MPE/iX keeps propelling relevant history
February 12, 2018
At a recent meeting of HP 3000 managers running ERP shops, the present conditions and futures surfaced during a discussion. The MANMAN users, running an application on 3000s that hasn't seen an update in more than a decade—like their servers and OS—marveled at the constancy in their community.
Things change slower than expected. A monolithic application like ERP is the slowest of all to change. MPE/iX and its apps are proof: the history of technology is the most relevant history. History makes migration a requirement.
Ed Stein is a board member of the CAMUS user group. At the meeting he said the past three years have not removed many members. The 2028 CALENDAR replacement process caught his eye.

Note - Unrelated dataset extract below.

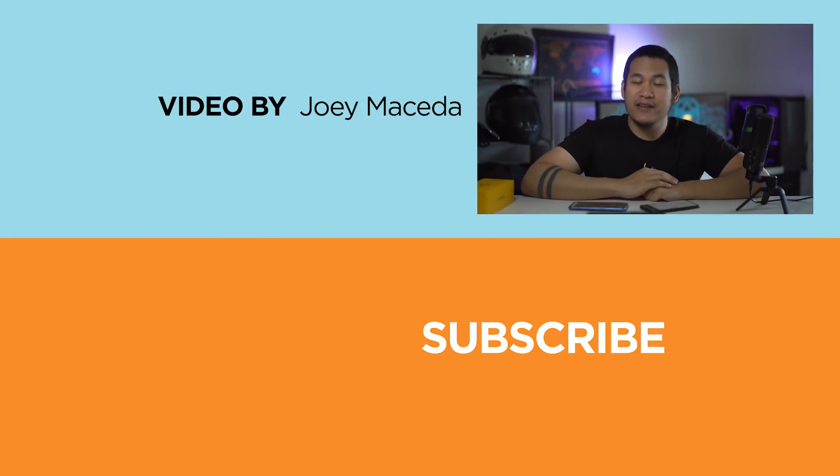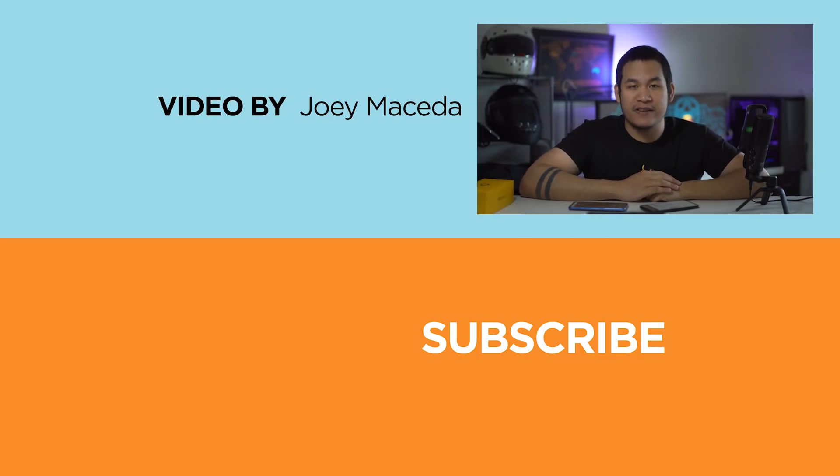What do you guys think about the Realme 6? Let us know in the comments down below. If you enjoyed this video, please drop a like, subscribe to our channel for more content, hit the bell icon so you don't miss any future uploads, and be sure to visit yugatech.com for the latest tech news and reviews. This has been Joey — guys, stay home, stay safe, and stay hydrated.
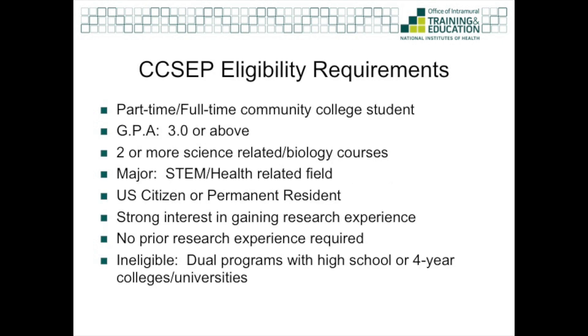The CSEP eligibility requirements are that you be a part-time or full-time community college student, that you have a 3.0 GPA or above, that you've taken two or more science-related biology courses, that your major is in a science or health-related field, you should be a U.S. citizen or permanent resident, and have a strong interest in gaining research experience. Unlike many other programs, there is no prior research experience required. If you are in a dual program — such as an advanced high school or a transfer four-year college university program — you are ineligible.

"I chuckled when I read a NewsWire article in 2015 and thought, 'Hey, how many of us are going to be around in 2028?' Well, most of us who were community members in 2015 are still members now," Stein said. "There's a future for those still running on MPE. If you don't like the hardware, then there's Doug Smith [from Stromasys] telling you how to get over that issue. MANMAN could be around in archival use 10 years from now—if not in actual production use."

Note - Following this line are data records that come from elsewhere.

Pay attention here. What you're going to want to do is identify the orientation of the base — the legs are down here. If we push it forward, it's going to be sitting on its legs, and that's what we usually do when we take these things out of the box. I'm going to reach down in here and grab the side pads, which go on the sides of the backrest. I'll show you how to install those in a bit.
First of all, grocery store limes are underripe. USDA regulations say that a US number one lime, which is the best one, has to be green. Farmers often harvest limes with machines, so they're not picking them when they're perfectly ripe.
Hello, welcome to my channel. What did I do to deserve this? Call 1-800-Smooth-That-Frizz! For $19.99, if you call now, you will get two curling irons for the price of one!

Stein read that article about the CALENDAR intrinsic's shortcomings and decided he'd plan ahead, just to check off one more crucial challenge to the 3000's useful lifespan.
"We want there to be a CALENDAR fix sooner than later," Stein said. "Because later, the talent might be retired or gone to fix this thing. We're looking at this as more of an insurance policy. If by chance we're still on this platform 10 years from now, we're going to be okay."
The platform's history is responsible for HP's continued standing in the business computer market, after all. Professor Melvin Kranzberg (above) wrote a set of laws to show how we relate to technology. MPE's relevance is more proven with every subsequent development.
From an article in the Wall Street Journal published just after the MANMAN meeting:
The Cold War led to the buildup of nuclear weapons and the missiles to deliver them anywhere on Earth. That led to the development of a war-proof communication system: the internet. Many related innovations subsequently seeped into every aspect of our lives.
But does that mean we owe the modern world to the existential contest between the U.S. and the former U.S.S.R.? Or was that conflict itself driven by previous technological developments that allowed Hitler to threaten both nations?
Without prior historic events, how could ERP become a system built upon Salesforce and served up from cloud-based computing resources? No MANMAN or HP 3000 success drags back the entry date for the ERP replacements in the cloud.
The 3000 owners preparing for their migrations continue to prove the worth of their investments from the 1990s in MANMAN.
"You're not alone here in the MANMAN arena," said Doug Werth of Beechglen at the meeting. "MANMAN is still a fairly small subset of companies that are still running HP 3000s. I'm really shocked to say here in this year that there are that many people running HP 3000s. But you're not alone here."